This is an interesting article from Aviation Week:
High-Altitude Upset Recovery | AVIATION WEEK
This is a quote from Sully in the article, that illustrates part of the current over reliance on automation:
Training also needs improvement. "Currently, to my knowledge, air transport pilots practice approaches to stalls, never actually stalling the aircraft. These maneuvers are done at low altitude where they're taught to power out of the maneuver with minimum altitude loss." In some aircraft, they're taught to pull back on the stick, use maximum thrust and let the alpha floor (AoA) protection adjust nose attitude for optimum wing performance.
"They never get the chance to practice recovery from a high-altitude upset," he continued. "At altitude, you cannot power out of a stall without losing altitude." And depending upon the fly-by-wire flight control system's alpha floor protection isn't the best way to recover from a stall at cruise altitude.
There are several fundamental problems with the development of specific procedures like this one (powering out of a stall using AOA protection), that Sully describes.
- The procedure WOULD NOT EVEN EXIST without the automated AOA protection.
- The procedure RELIES upon the automated AOA protection to work.
- The procedure ASSUMES the automated AOA protection will ALWAYS be present.
- The procedure IGNORES the possibility that the automated AOA protection might not be present (as in AF447)

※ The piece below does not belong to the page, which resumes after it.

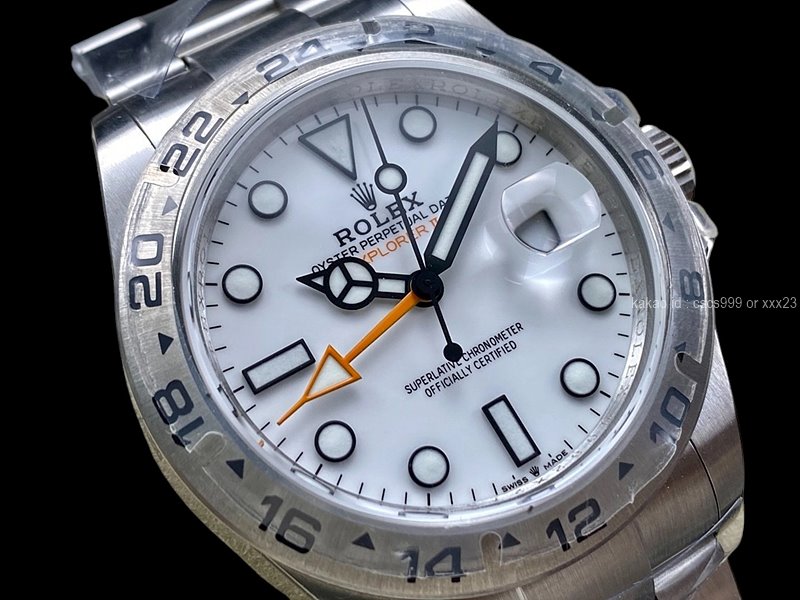 로렉스 익스플로러 II Explorer II (QF공장) 시계 레플리카 미러급 SA급 S급 고퀄리티 최상급 하이엔드 롤렉스 워치 [남성] 3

- The procedure IGNORES the physical-ware aerodynamic fact that you cannot power out of a stall with minimum loss of altitude, at higher altitudes.
- The procedure ERODES basic flying skills by teaching pilots to perform flight maneuvers contrary to good basic airmanship (in stall recovery).
This is a fundamental failure of the proper design of procedures, that results from a confused over reliance on automation.